2. Hiergegen erhob der Versicherte am 28. Juni 2018 Beschwerde (Urk. 1) und beantragte sinngemäss, es seien ihm die gesetzlichen Leistungen auszurichten. Mit Beschwerdeantwort vom 25. Juli 2018 schloss die Beschwerdegegnerin auf Abweisung der Beschwerde (Urk. 11 unter Beilage ihrer Akten, Urk. 12/1/1-58; Urk. 12/2/1; Urk. 12/3/1-16), worüber der Beschwerdeführer am 30. Juli 2018 in Kenntnis gesetzt wurde (Urk. 13).
3. Auf die Vorbringen der Parteien und die eingereichten Unterlagen wird, soweit erforderlich, im Rahmen der nachfolgenden Erwägungen eingegangen.
Der Einzelrichter zieht in Erwägung:
1.
1.1 Da der Streitwert Fr. 20’000.-- nicht übersteigt, fällt die Beurteilung der Beschwerde in die einzelrichterliche Zuständigkeit (§ 11 Abs. 1 des Gesetzes über das Sozialversicherungsgericht).
1.2 Die Beschwerdegegnerin hielt im angefochtenen Einspracheentscheid dafür, dass gestützt auf das Aktengutachten von Dr. med.
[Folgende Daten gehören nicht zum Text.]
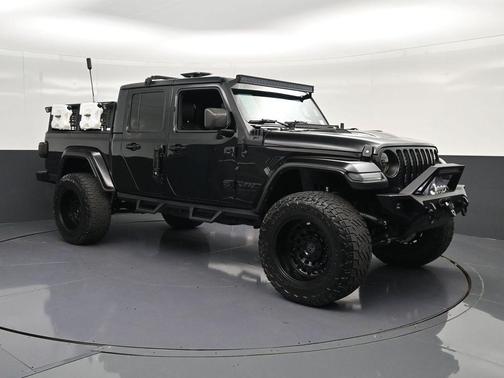 Black Clearcoat 2020 Jeep Gladiator Overland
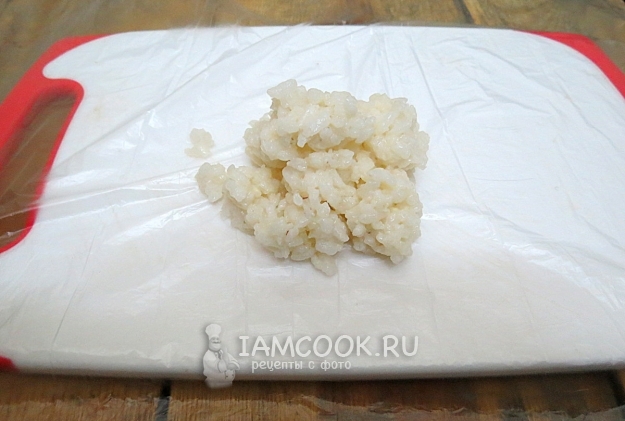 Положить рис на пленку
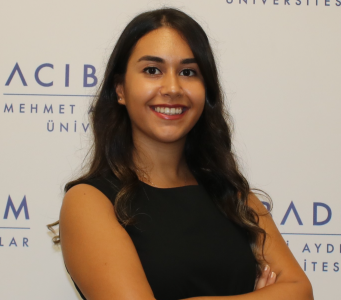 Press photo of Research Assistant Dr. Gülipek Güven Taşbiçen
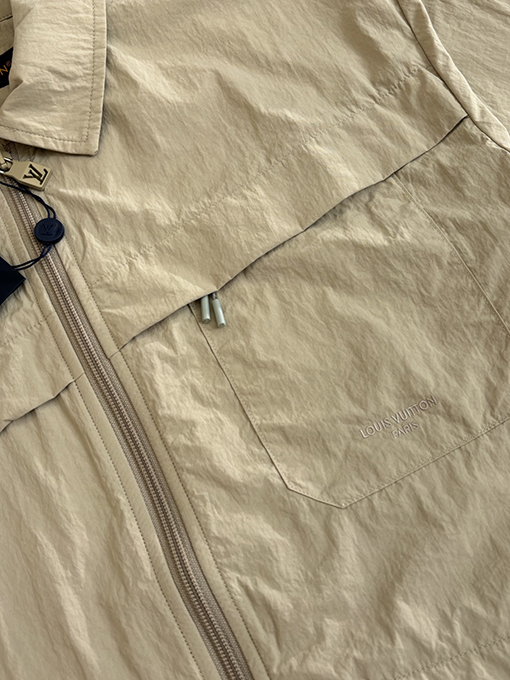 ルイヴィトン カーキ色の機能性軽量ナイロン製半袖シャツ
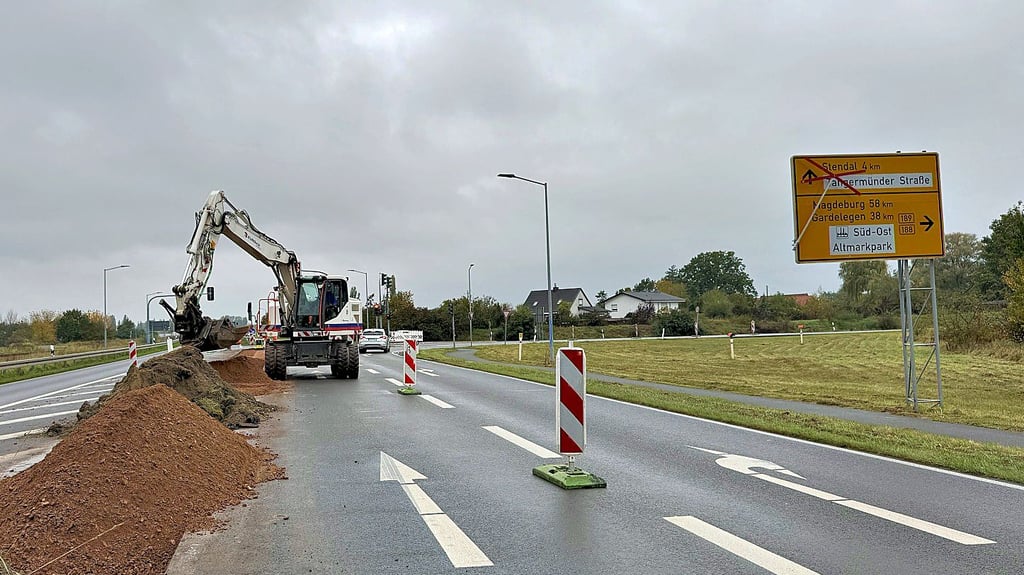 Der Fahrzeugverkehr auf der B188 aus Richtung Tangermünde nach Stendal wird derzeit über die Ortsumgehung in Richtung Heerener Straße geleitet. Dort steht an einer weiteren Baustelle die nächste Ampel.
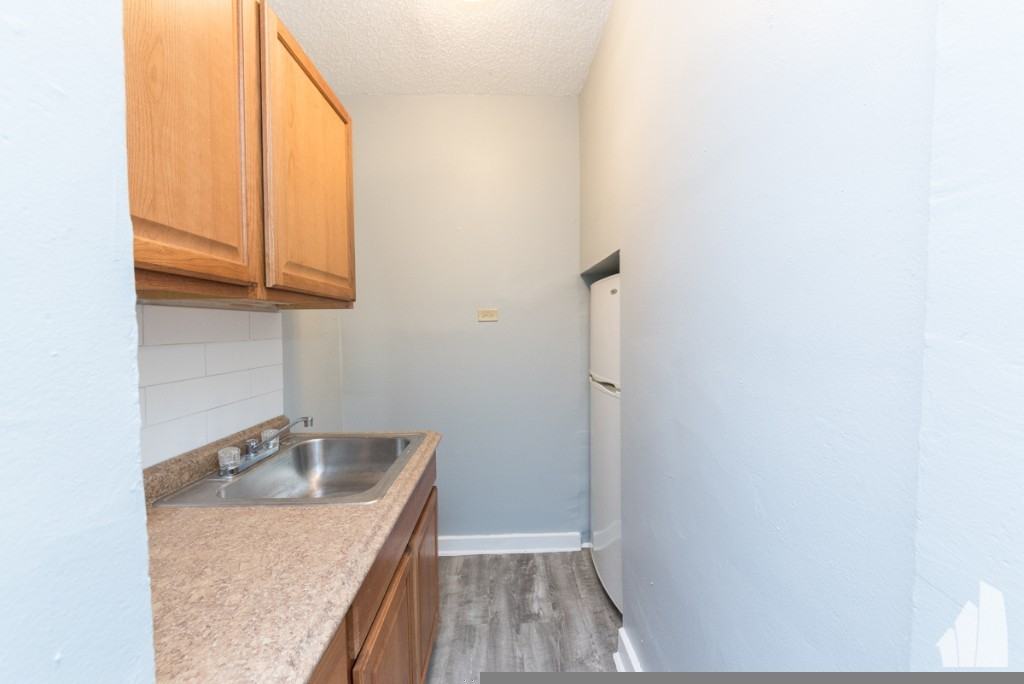 4735 N Beacon St #301 - Photo 4 of 7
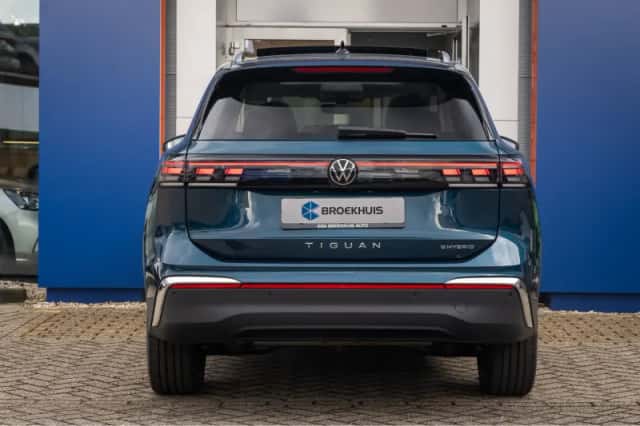 Volkswagen Tiguan (2025) thumbnail 5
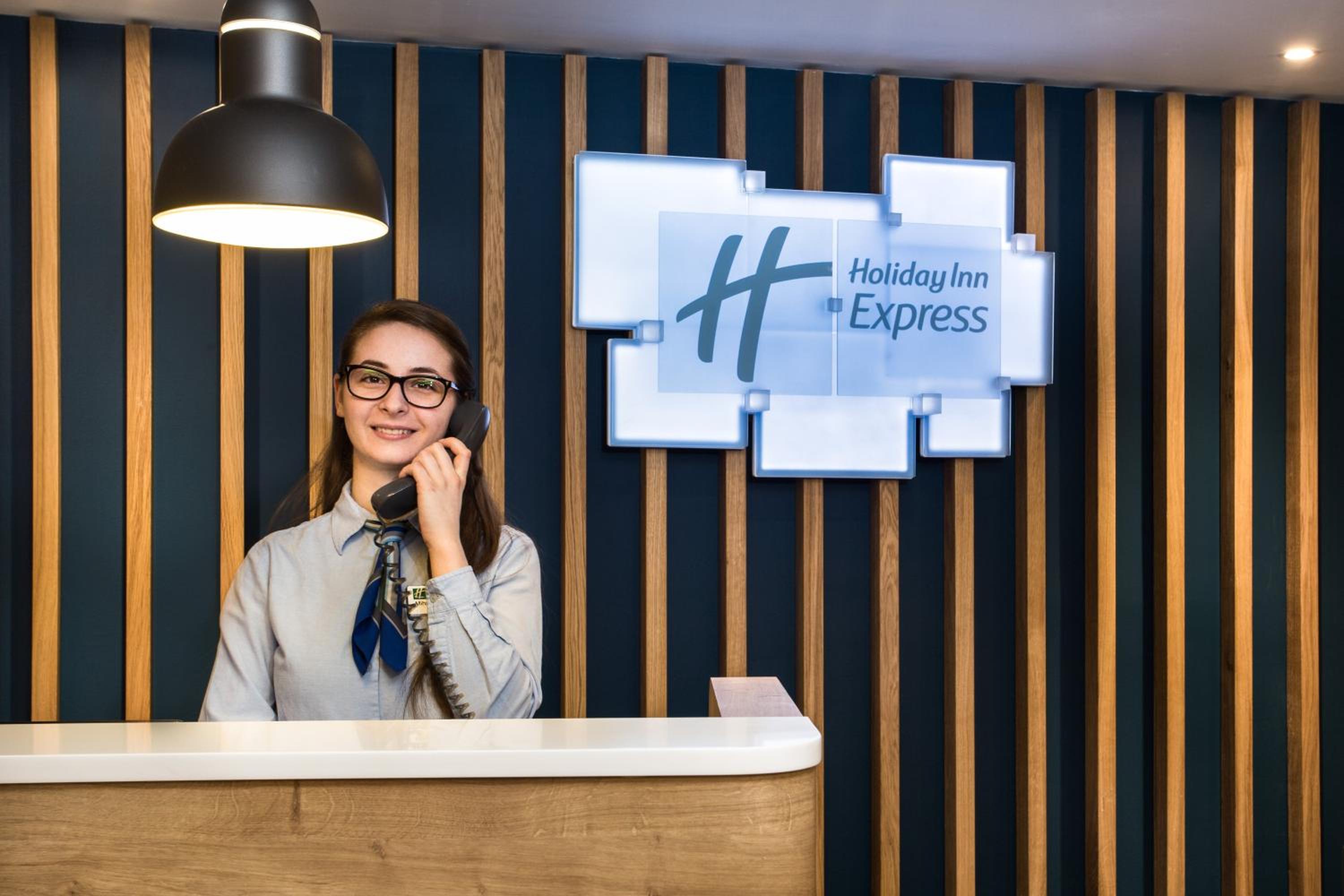 Watford Vacations - Holiday Inn Express London - Watford Junction, an IHG Hotel - Property Image 6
A.___, Facharzt für Chirurgie, vom 13. Juni 2018 nicht überwiegend wahrscheinlich sei, dass es zu einem Muskelfaserriss gekommen sei, so dass die geltend gemachten Beschwerden nicht überwiegend wahrscheinlich auf das Ereignis vom 11. September 2017 zurückgeführt werden könnten (Urk. 2).
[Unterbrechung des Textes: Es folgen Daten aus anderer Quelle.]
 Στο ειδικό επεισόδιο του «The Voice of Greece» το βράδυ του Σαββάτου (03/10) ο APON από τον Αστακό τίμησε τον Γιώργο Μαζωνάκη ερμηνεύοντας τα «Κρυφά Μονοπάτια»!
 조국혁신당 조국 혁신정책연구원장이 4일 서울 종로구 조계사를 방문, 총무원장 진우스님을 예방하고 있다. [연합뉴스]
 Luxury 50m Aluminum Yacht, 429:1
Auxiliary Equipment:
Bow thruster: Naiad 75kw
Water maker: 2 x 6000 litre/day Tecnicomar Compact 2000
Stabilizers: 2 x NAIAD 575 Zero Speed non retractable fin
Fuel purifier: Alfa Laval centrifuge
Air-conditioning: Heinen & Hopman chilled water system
Der Beschwerdeführer brachte demgegenüber vor, dass gestützt auf den Bericht der Ärzte des Spitals Z.___ klar ein Unfall vorliege. Er habe die entstandenen Schmerzen auch klar dem Vorfall zuordnen können, da diese eben in diesem Moment entstanden seien. Des Weiteren habe er zuvor noch nie Schmerzen in der Leistengegend verspürt (Urk. 1).
2.
2.1
2.1.1 Ein Unfall ist gemäss Art. 4 des Bundesgesetzes über den Allgemeinen Teil des Sozialversicherungsrechts (ATSG) die plötzliche, nicht beabsichtigte schädigende Einwirkung eines ungewöhnlichen äusseren Faktors auf den menschlichen Körper, die eine Beeinträchtigung der körperlichen, geistigen oder psychischen Gesundheit oder den Tod zur Folge hat.
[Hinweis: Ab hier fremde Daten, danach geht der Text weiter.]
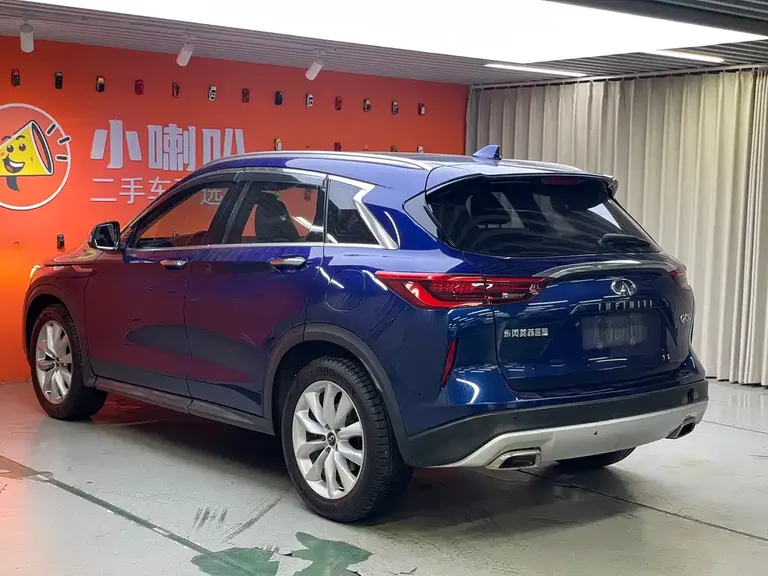 Infiniti QX50 2.0 T 2 WD Fashion
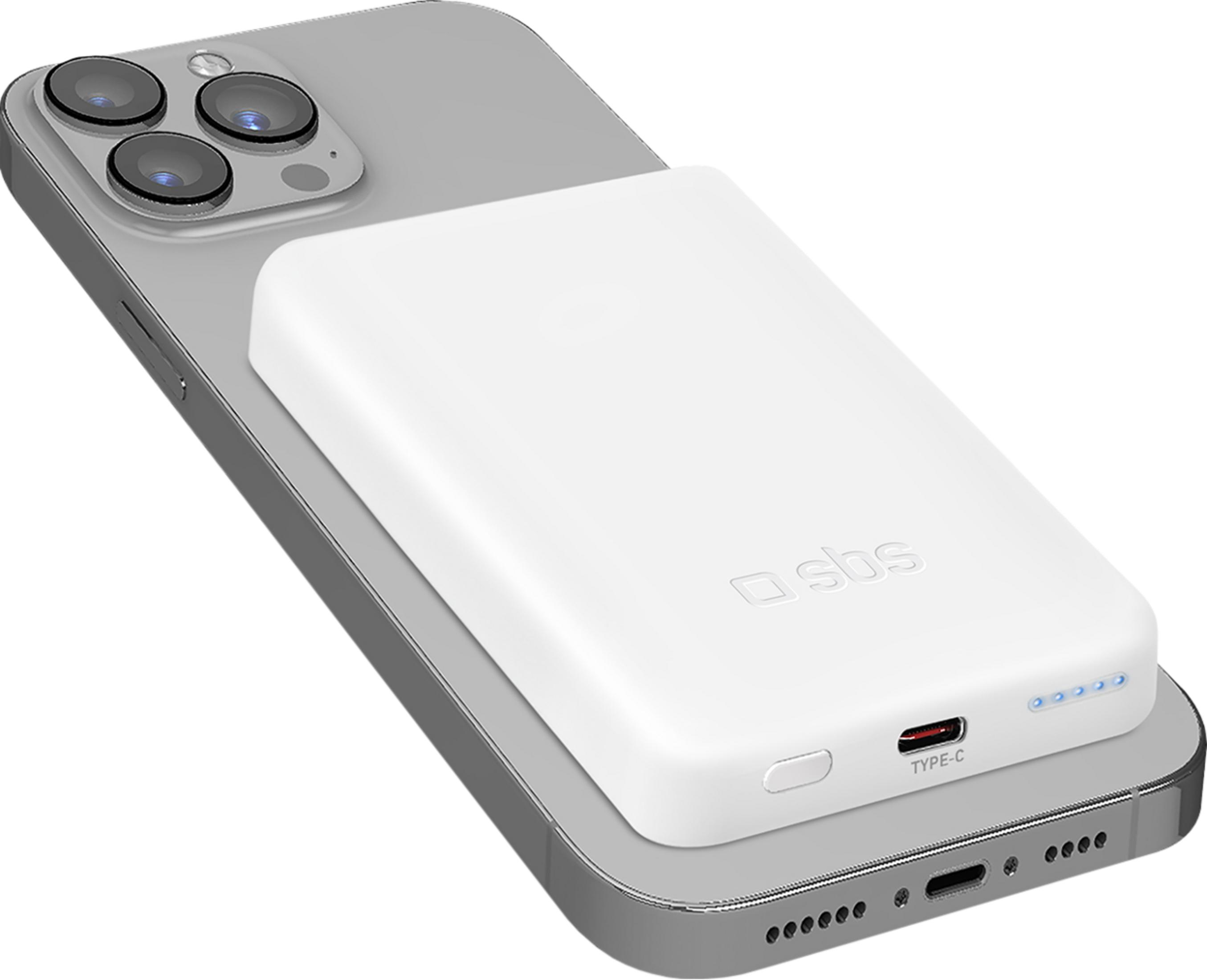 Un power bank bianco si attacca al retro di un iPhone argentato, mostrando obiettivi della fotocamera e una porta di tipo C.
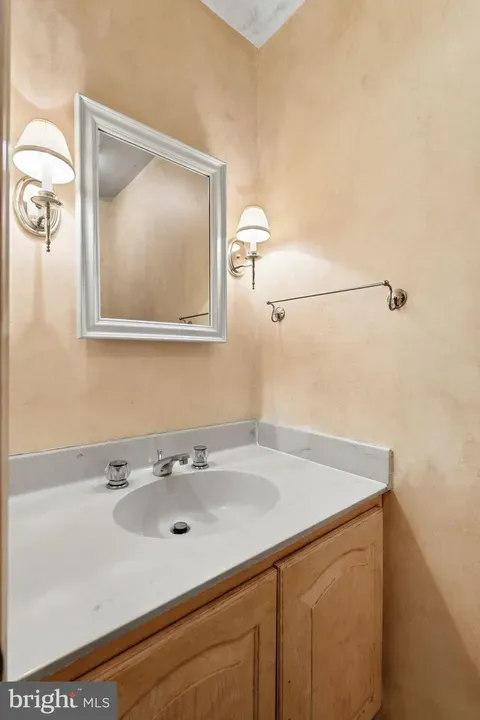 3 Bed 2 Bath Established Multi-Level Townhouse in Bethesda, MD - 5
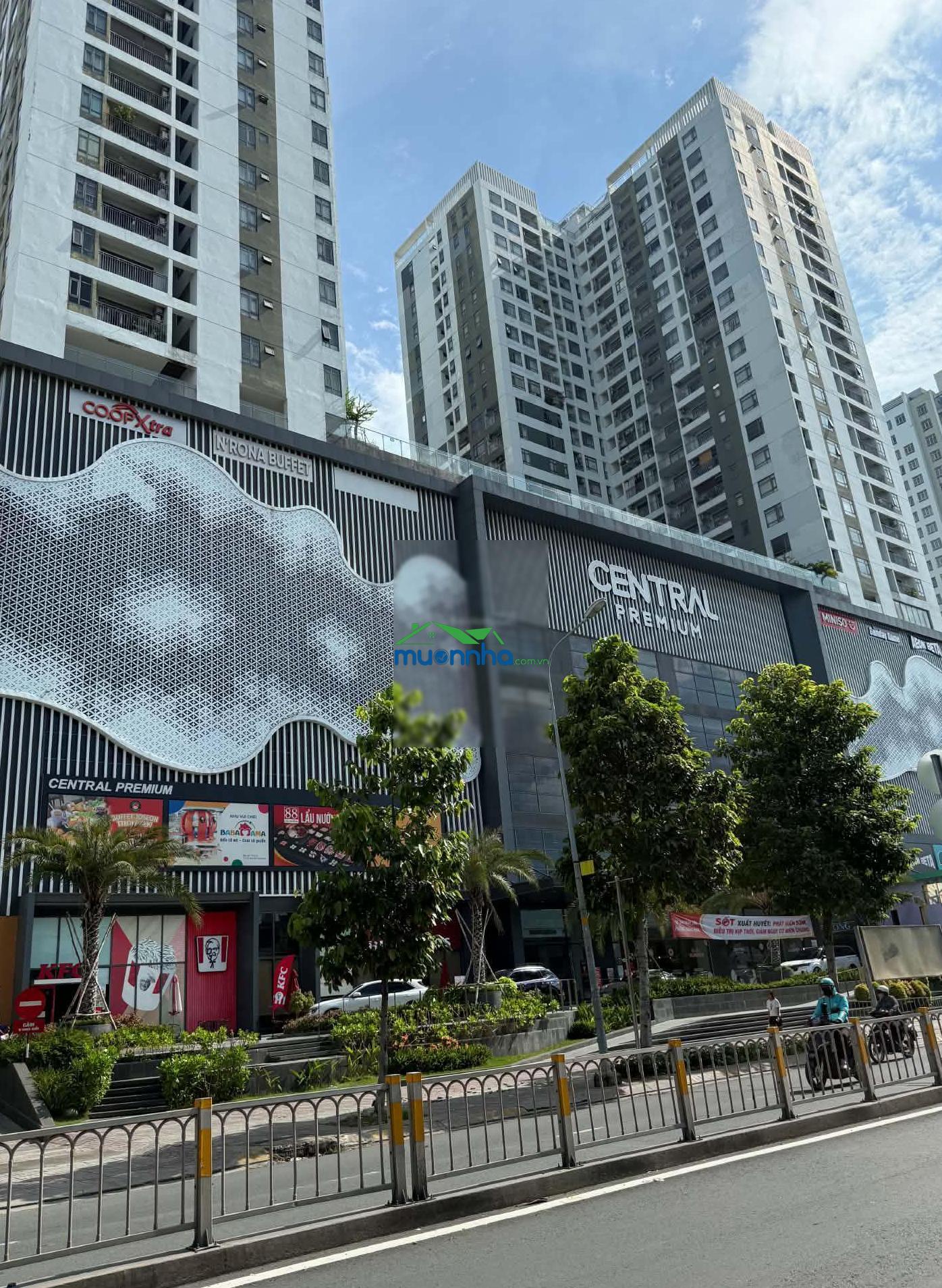 Hxh 6m ngay tạ quang bửu & phạm hùng, p. 4, q. 8, dt: 4,2 x 17m, 4 tầng, giá 10 tỷ 8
2.1.2 Nach der Rechtsprechung bezieht sich das Begriffsmerkmal der Ungewöhnlichkeit nicht auf die Wirkung des äusseren Faktors, sondern nur auf diesen selber. Ohne Belang für die Prüfung der Ungewöhnlichkeit ist somit, dass der äussere Faktor allenfalls schwerwiegende, unerwartete Folgen nach sich zog. Der äussere Faktor ist ungewöhnlich, wenn er – nach einem objektiven Massstab – den Rahmen des im jeweiligen Lebensbereich Alltäglichen oder Üblichen überschreitet. Ausschlaggebend ist also, dass sich der äussere Faktor vom Normalmass an Umwelteinwirkungen auf den menschlichen Körper abhebt. Ungewöhnliche Auswirkungen allein begründen keine Ungewöhnlichkeit (BGE 134 V 72 E. 4.1 und E. 4.3.1 mit Hinweis).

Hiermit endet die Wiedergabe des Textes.